▶ **Data to examine**:
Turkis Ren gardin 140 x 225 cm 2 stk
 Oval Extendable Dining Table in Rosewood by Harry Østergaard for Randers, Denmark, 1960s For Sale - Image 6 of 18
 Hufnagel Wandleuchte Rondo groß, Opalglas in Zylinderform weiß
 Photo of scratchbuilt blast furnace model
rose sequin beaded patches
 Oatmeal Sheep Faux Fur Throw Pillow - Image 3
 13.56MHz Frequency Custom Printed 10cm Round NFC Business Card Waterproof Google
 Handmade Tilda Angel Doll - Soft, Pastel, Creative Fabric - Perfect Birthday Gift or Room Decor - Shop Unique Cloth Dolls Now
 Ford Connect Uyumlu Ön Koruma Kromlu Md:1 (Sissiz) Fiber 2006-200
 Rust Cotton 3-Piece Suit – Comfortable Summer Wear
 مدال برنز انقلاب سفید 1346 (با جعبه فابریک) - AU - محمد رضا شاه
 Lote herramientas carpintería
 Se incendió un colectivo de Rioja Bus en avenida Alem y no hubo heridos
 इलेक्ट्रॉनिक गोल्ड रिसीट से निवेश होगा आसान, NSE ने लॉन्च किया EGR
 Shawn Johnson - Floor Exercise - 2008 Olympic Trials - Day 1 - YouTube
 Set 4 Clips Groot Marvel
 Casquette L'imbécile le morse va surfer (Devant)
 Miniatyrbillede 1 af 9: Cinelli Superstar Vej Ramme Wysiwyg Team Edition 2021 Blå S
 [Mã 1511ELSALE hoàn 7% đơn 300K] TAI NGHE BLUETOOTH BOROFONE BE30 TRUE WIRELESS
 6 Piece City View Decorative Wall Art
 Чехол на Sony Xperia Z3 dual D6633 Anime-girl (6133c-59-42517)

▶ **Task goal**: Give back the lines above exactly, from the one with "Lote herramientas carpintería" through the last line.

▶ **Exercise solution**:
 Lote herramientas carpintería
 Se incendió un colectivo de Rioja Bus en avenida Alem y no hubo heridos
 इलेक्ट्रॉनिक गोल्ड रिसीट से निवेश होगा आसान, NSE ने लॉन्च किया EGR
 Shawn Johnson - Floor Exercise - 2008 Olympic Trials - Day 1 - YouTube
 Set 4 Clips Groot Marvel
 Casquette L'imbécile le morse va surfer (Devant)
 Miniatyrbillede 1 af 9: Cinelli Superstar Vej Ramme Wysiwyg Team Edition 2021 Blå S
 [Mã 1511ELSALE hoàn 7% đơn 300K] TAI NGHE BLUETOOTH BOROFONE BE30 TRUE WIRELESS
 6 Piece City View Decorative Wall Art
 Чехол на Sony Xperia Z3 dual D6633 Anime-girl (6133c-59-42517)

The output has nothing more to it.